» What you should do: Without the images, write out all of the following entries exactly.

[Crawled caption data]
+++

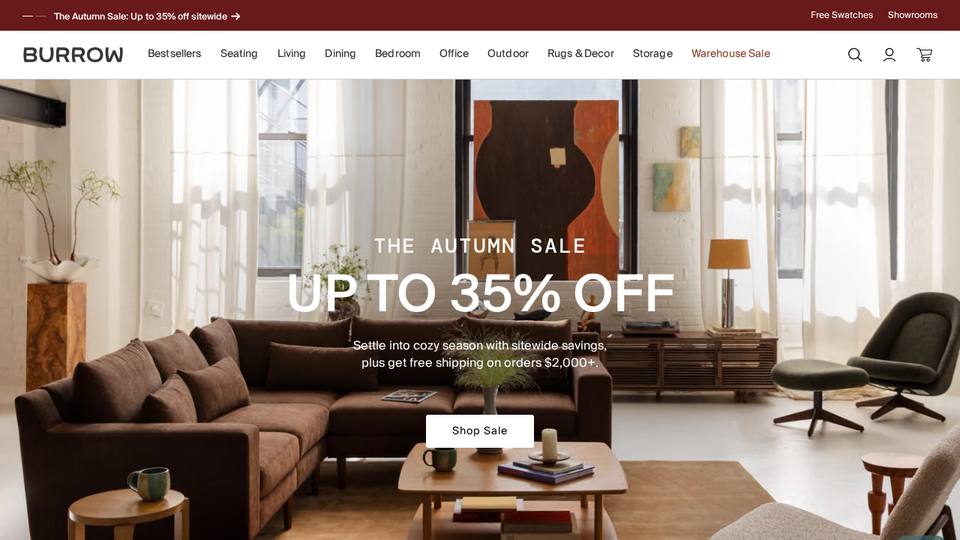 Screenshot of the Burrow homepage
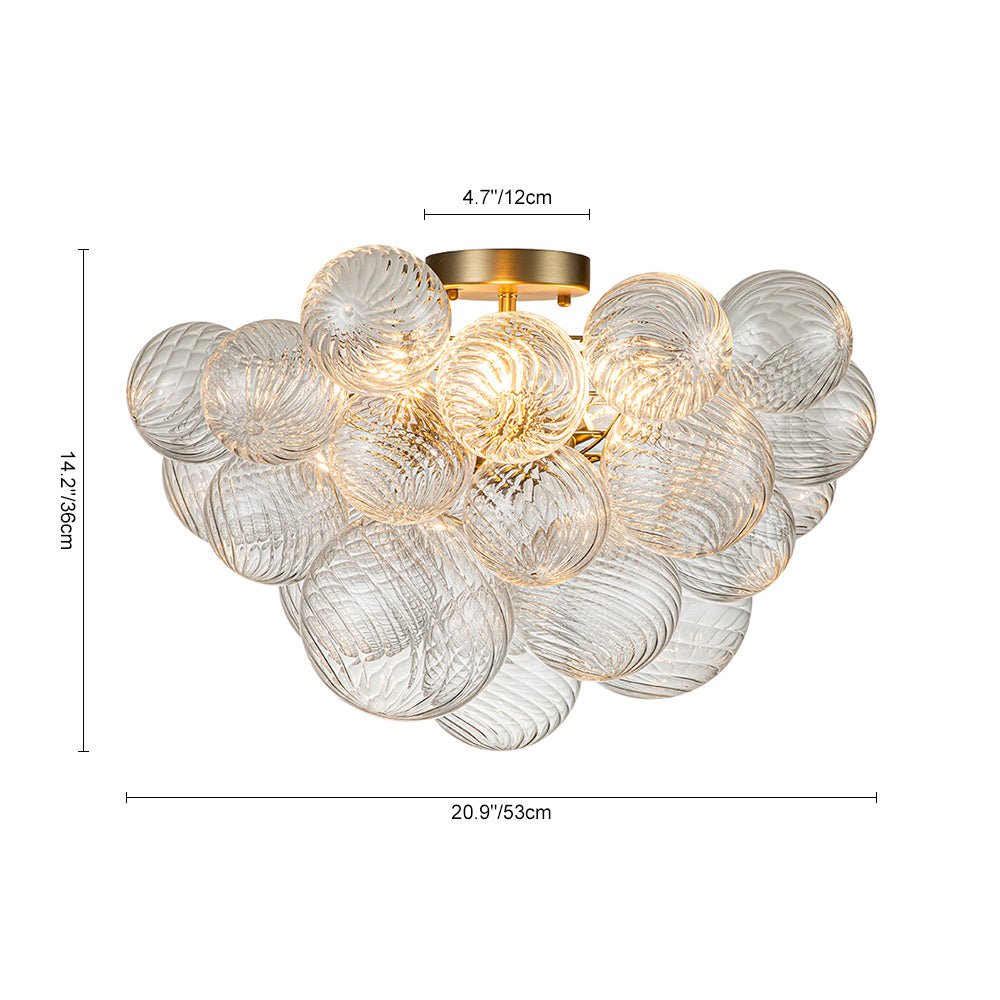 Brillia Modern Glass Bubble Semi Flush Chandelier - Lamp Copper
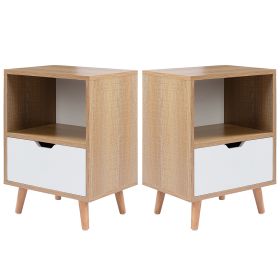 Modern Wooden Bedroom 2-Tier Nightstand End Side Table with Open Shelf;  4 Anti-Slip Rubber Padded Legs;  & 1 Storage Drawer;  Tan;  Set of 2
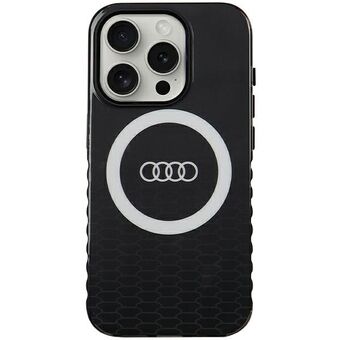 Audi IML Stor Logotyp MagSafe Fodral till iPhone 15 Pro 6.1" svart hardcase AU-IMLMIP15P-Q5/D2-BK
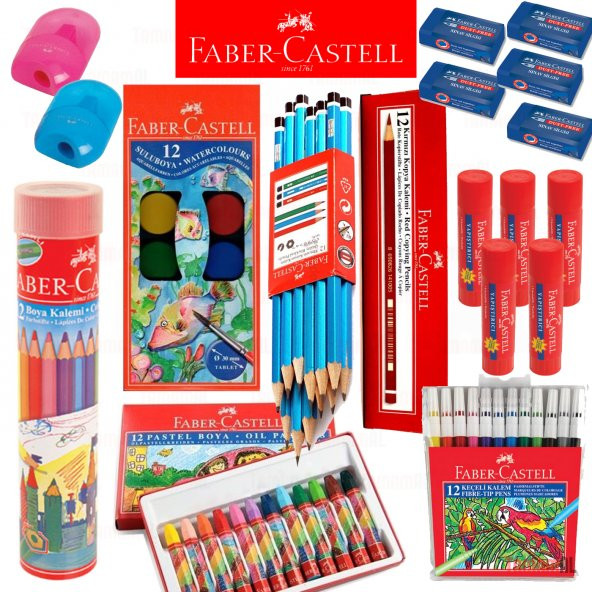 FABER CASTELL İLK ORTA OKUL SETİ KALİTELİ ÇANTA BOYA KALEM BOYA ürün görseli 1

+++

» Finished task:
 Screenshot of the Burrow homepage
 Brillia Modern Glass Bubble Semi Flush Chandelier - Lamp Copper
 Modern Wooden Bedroom 2-Tier Nightstand End Side Table with Open Shelf;  4 Anti-Slip Rubber Padded Legs;  & 1 Storage Drawer;  Tan;  Set of 2
 Audi IML Stor Logotyp MagSafe Fodral till iPhone 15 Pro 6.1" svart hardcase AU-IMLMIP15P-Q5/D2-BK
 FABER CASTELL İLK ORTA OKUL SETİ KALİTELİ ÇANTA BOYA KALEM BOYA ürün görseli 1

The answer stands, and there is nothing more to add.